Warm Gruyere cheese puffs of pate a choux served as the welcome bite at The French Laundry.
Ingredients
- 1 cup whole milk
- 8 Tbsp (1 stick) unsalted butter, cut into pieces
- 1 tsp kosher salt
- 1 cup all-purpose flour
- 4 to 5 large eggs
- 1 1/4 cups grated Gruyere cheese (plus extra for topping)
- Pinch of freshly ground white pepper and freshly grated nutmeg
Directions
- Preheat oven to 450 F and line two baking sheets with parchment or silicone mats.
- In a saucepan, bring the milk, butter, and salt to a boil.
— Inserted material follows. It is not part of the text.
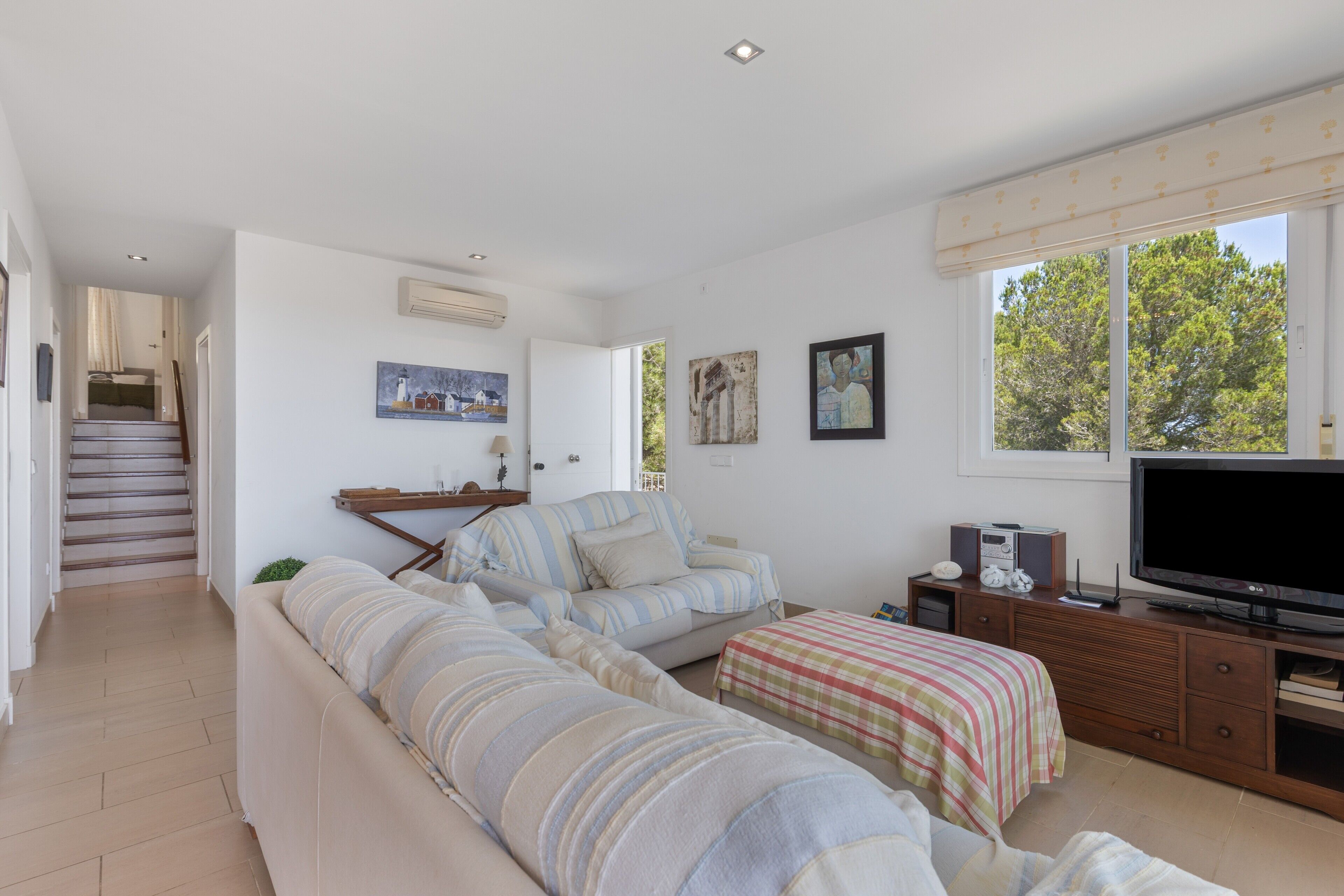 A spacious living room with a sofa, a television, and a staircase leading to another room.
Add the flour all at once and stir vigorously with a wooden spoon until the dough pulls away from the sides and a film forms on the pan, about 2 minutes.
- Transfer the dough to a mixer and beat on low to release steam, then add 4 eggs one at a time, beating fully after each, until the dough is smooth and falls in a thick ribbon (add part of a 5th egg if needed).
- Beat in 1 1/4 cups Gruyere, white pepper, and nutmeg.
- Pipe or spoon 1-inch mounds onto the sheets, spacing them apart, and top each with a pinch of grated cheese.
- Lower oven to 350 F, put the puffs in, and bake about 25 to 30 minutes until puffed, golden, and dry. Serve warm.
Notes
From Thomas Keller’s The French Laundry Cookbook; serve them straight from the oven while the cheese is molten.